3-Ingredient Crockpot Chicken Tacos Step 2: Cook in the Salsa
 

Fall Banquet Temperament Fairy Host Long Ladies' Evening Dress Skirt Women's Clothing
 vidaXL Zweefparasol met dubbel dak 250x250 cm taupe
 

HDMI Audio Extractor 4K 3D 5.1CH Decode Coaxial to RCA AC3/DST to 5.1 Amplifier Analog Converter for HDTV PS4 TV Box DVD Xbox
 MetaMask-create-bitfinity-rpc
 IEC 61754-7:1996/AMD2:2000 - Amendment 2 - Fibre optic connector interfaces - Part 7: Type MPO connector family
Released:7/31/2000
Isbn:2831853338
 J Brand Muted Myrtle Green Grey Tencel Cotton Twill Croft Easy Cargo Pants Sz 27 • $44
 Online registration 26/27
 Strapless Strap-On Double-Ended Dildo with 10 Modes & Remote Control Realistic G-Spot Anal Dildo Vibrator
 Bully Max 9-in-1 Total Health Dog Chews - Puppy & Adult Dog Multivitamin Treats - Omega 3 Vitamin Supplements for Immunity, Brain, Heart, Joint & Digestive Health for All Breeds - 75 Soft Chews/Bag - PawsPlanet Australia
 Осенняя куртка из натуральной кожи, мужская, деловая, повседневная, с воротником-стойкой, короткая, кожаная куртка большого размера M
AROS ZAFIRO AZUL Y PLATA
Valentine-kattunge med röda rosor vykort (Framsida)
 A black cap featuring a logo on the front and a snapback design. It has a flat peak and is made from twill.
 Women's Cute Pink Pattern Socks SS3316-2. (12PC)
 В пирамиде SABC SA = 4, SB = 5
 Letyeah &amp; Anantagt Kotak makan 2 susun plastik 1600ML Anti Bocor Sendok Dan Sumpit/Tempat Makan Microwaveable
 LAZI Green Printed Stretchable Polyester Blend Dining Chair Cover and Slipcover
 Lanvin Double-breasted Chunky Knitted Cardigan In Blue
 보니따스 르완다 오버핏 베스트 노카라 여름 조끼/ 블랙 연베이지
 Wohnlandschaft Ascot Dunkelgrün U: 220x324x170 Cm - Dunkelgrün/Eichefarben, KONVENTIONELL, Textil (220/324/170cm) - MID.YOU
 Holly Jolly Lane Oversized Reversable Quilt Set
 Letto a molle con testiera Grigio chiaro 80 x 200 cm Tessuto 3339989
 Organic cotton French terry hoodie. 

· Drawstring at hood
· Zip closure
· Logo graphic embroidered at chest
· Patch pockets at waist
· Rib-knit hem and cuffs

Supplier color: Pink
******************************
When a line in the records above contains the word "Women", copy it.

Task output:
Fall Banquet Temperament Fairy Host Long Ladies' Evening Dress Skirt Women's Clothing
 Women's Cute Pink Pattern Socks SS3316-2. (12PC)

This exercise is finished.